I am trying to develop a method that can classify a given number of English words into 2 sets - "rare" and "general" - a link to how much they are used in the language.
The number of words that I would like to classify is limited - currently about 10,000 and includes everything from articles to personal nouns that can be borrowed from other languages (and therefore are classified as "rare"). I did a frequency analysis from the inside of the case, and I have a distribution of these words (ranging from 1 use to peaks around 100).
My intuition for such a system was to use word lists (for example, the word BNC frequency case, wordnet, the frequency of the internal case) and assign weight to its appearance in one of them.
For example, a word that has a mid-level frequency in the case (say 50), but appears in the list of words W -, can be considered common, since it is one of the most frequent in the whole language.
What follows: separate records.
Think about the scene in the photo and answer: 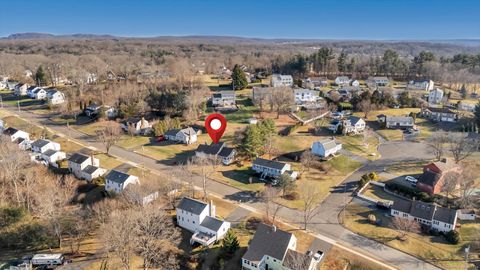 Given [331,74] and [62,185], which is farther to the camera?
[331,74]

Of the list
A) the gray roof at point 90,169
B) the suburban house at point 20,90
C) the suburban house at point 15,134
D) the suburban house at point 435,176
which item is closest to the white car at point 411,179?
the suburban house at point 435,176

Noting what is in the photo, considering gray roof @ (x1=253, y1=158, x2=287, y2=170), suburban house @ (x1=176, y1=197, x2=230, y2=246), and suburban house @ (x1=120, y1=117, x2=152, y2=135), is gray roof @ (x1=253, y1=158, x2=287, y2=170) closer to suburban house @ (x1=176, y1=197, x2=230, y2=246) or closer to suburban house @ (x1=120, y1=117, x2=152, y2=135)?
suburban house @ (x1=176, y1=197, x2=230, y2=246)

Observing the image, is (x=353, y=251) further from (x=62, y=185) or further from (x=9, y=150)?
(x=9, y=150)

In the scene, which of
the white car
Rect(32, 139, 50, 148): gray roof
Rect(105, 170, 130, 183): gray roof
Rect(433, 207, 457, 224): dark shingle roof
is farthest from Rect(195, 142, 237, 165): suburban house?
Rect(433, 207, 457, 224): dark shingle roof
My question is: what's the best way to create a weighted score for something like that? Should I go discrete or continuously? In any case, which classification system will work best for this?
Or do you recommend an alternative method?
Thanks!
EDIT:
To answer Vinko’s question about the intended use of classification -
These words are indicated by a phrase (for example, the name of a book) - and the goal is to figure out a strategy for creating a search query string for a phrase, searching for text in the text. The query string can support several parameters, such as proximity, etc. - therefore, if the word is common, these parameters can be changed.
To answer Igor’s question -
(1) how big is your case? Currently, the list is limited to 10 thousand tokens, but this is just a training set. It can rise to a few 100 thousand as soon as I start testing it on a test suite.
2) do you have any expected share of common / rare words in the corpus? Hmm, I do not.